On clinical examination, up to 93 % of patients have diffuse or multinodular goiters due to chronic thyrotropin stimulation [1]. Other features of Graves’ disease like exophthalmos, pretibial myxedema, and positive antithyroid autoantibodies are absent. Nevertheless, cases of TSH-producing adenomas in patients with autoimmune thyroid disease including Graves’ disease and Hashimoto’s thyroiditis have been reported, with the clue to diagnosis of the latter being the lack of suppressibility of serum TSH by escalating thyroxine hormone replacement doses [7].

Laboratory investigations in patients with TSH-producing adenomas typically show elevated thyroid hormone levels with elevated, inappropriately normal, or incompletely suppressed TSH level (range from 0.4 to 393 mIU/L) [2]. This wide range of serum TSH levels despite frankly elevated thyroid hormone levels has been attributed to variations of the biologic activity of the secreted TSH molecules. It is important to stress that about 30 % of patients with TSH-producing adenomas present with serum TSH level in the normal range, which highlights the importance of measuring serum FT4 level in all patients with suspected thyrotoxicosis (and all patients with known pituitary disease).

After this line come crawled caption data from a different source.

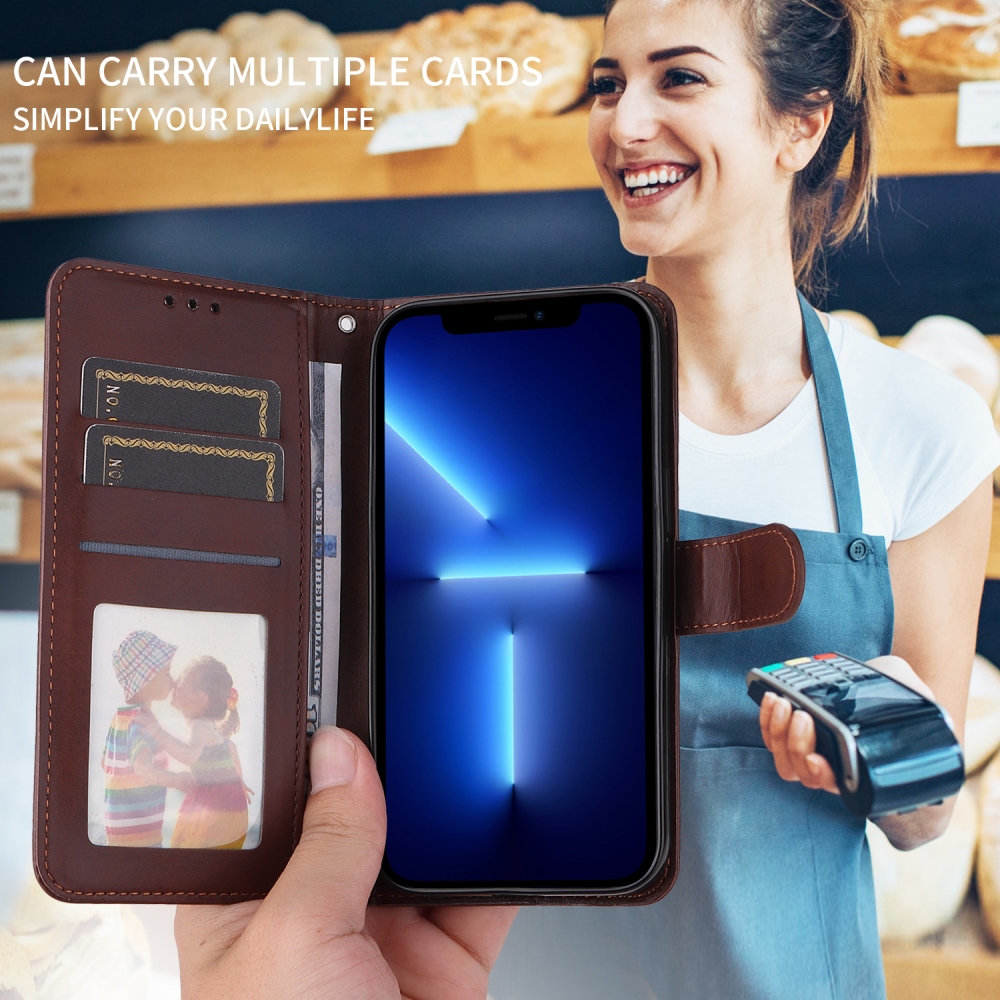Clots knížkové pouzdro na Xiaomi Poco F7 5G - hnědé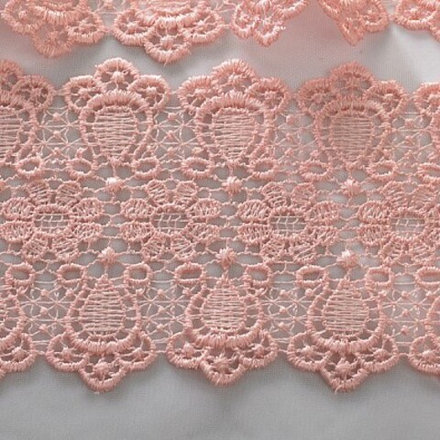 Кружево гипюр шир.80мм цв.5 розовый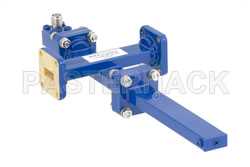 WR-42 Waveguide 50 dB Crossguide Coupler, UG-595/U Square Cover Flange, SMA Female Coupled Port, 18 GHz to 26.5 GHz, Bronze（图2）
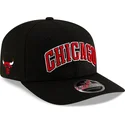 kepure-islenkta-juoda-snapback-9seventy-statement-stretch-snap-chicago-bulls-nba-new-era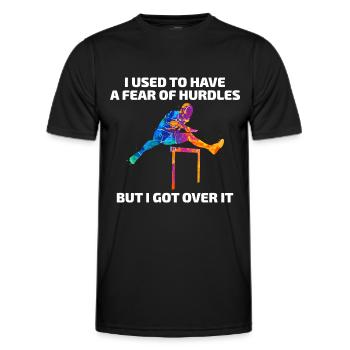 Hurdles Hurdling Hurdler Running Runner Athletes - Men's Functional T-Shirt - black - Front - AI Model Male 178 dark (178cm)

The picture can be less obvious in patients previously treated with thyroid radioablation or thyroidectomy, since they do not have elevated serum thyroid hormone levels. In such patients, TSH levels tend to be much higher than in patients with intact thyroid glands. This observation highlights a peculiar feature of the tumoral thyrotrophs: that they are relatively resistant to the suppressive effect of elevated thyroxine, but retain sensitivity to the lack of thyroid hormones.

Most TSH-secreting adenomas produce high levels of alpha-subunit and an alpha-subunit/TSH molar ratio greater than 1 is described in about 82 % of cases. This is not true, however, for microadenomas where normal serum levels of alpha-subunit is the rule [5]. Elevated alpha-subunit levels should be interpreted with care in post-menopausal women or men with primary hypogonadism, given that alpha-subunit levels are higher in these circumstances.